A new study has highlighted the importance of good pavements and slower traffic in helping older people get outdoors more.
Participants in the study, who were aged between 60 and 91, said they faced barriers to staying active, including poorly designed and maintained streets and pavements and not enough road crossings, street lighting, parking or public transport.
High levels of traffic and ‘inconsiderate’ drivers were also cited as issues, although some participants felt that reducing access to cars could result in a loss of independence for older people with limited mobility, potentially contributing to isolation and loneliness.
Image credit Sustrans and McAteer Photography
The study was carried out for charity Sustrans with funding from Transport Scotland and led by Professor Alan Gow, who researches healthy ageing at Heriot-Watt’s Centre for Applied Behavioural Sciences.

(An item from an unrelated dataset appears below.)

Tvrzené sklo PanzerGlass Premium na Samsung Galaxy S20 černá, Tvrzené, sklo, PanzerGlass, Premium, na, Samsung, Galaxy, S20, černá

He said: ‘It’s important to listen to the views of older people when considering how our neighbourhoods are designed, so that our environments can help us all to stay active.’
Karen McGregor, director of Sustrans in Scotland, said: ‘Access to green space and good public transport are seen as key enablers to staying active, alongside quieter streets.’
Some participants felt that better monitoring, such as cameras, would need to be put in place alongside traffic calming measures to make them effective.
Participants favoured lower impact traffic reduction measures such as one-way streets and bus gates, alongside improved pedestrian infrastructure and investment in public transport.